Having established the importance of stakeholders to the corporation, it becomes necessary to portray the role they play in ensuring CG. It has been suggested that stakeholders’ approach to CG helps to provide answers to the important issue of priorities in relationships among stakeholders as well as how to manage these relationships ( Freeman 2008). Stakeholders are characterized by their relationship with the company as well as interest, needs and concerns that arise, thus becoming the focusing point of the engagement process with the organization ( Zollinger, 2009). The author further posits that these roles include but are by no means limited to the following:

Experts that knowledgeable experts in diverse fields of endeavour are useful in offering strategic advice to the company’s board when invited, Technical Advisers are individuals who possess expertise in technological and scientific developments can offer well informed advice on scientific and ethical panels on the social and environmental risks associated with such developments especially in science-related industries, representatives of special interests: the review of company performance and of reporting practices can be carried out by its employees, local communities etcetera as they meet as stakeholders panel upon invitation, Co-implementers as this situation arises when an external body for instance a Non-Governmental Organization (NGO) partner with the company to jointly provide solution to an issue or address a shared challenge and co-monitor as this situation arises when the impacted communities having entered an agreement with the company become jointly responsible for the monitoring of the company’s sustainability projects (Ibid).

7. Stakeholder Principles

Traditionally in the common-law countries, shareholders are understood to be the owners of companies ( Berle & Means 1932).
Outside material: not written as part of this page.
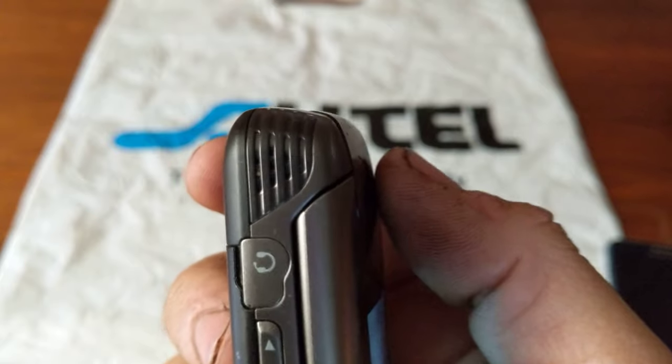On the left side we're going to have our speaker grill right up here at the top, a two and a half millimeter headphone jack, your volume keys and your voice command key, and your micro USB charging port.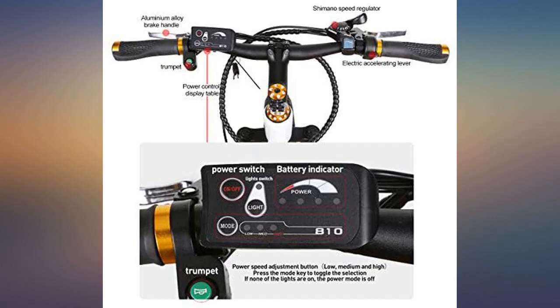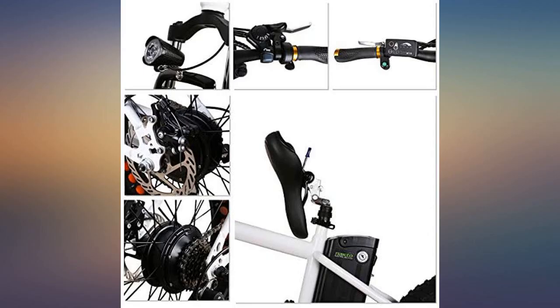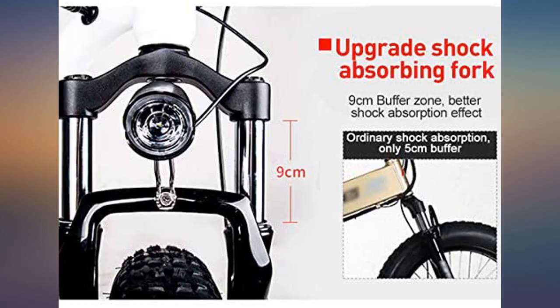The fat tires work great on dirt trails. If I raise the seat to the top position, the bike will accommodate a 6 feet 2 inches, 205 pounds adult, albeit not comfortably for long rides.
This is seen under the UK. Company law in which the statutes classify shareholders as “members” and describe companies as shareholders pursuant to Articles 16, 112 and 113 of the Company Act 2006. Indeed, they refer regularly to the shareholders’ body as the firm. This reflects the underlying notion of identity between the shareholders and the companies. Shareholders have the right to elect and remove directors who control the corporations.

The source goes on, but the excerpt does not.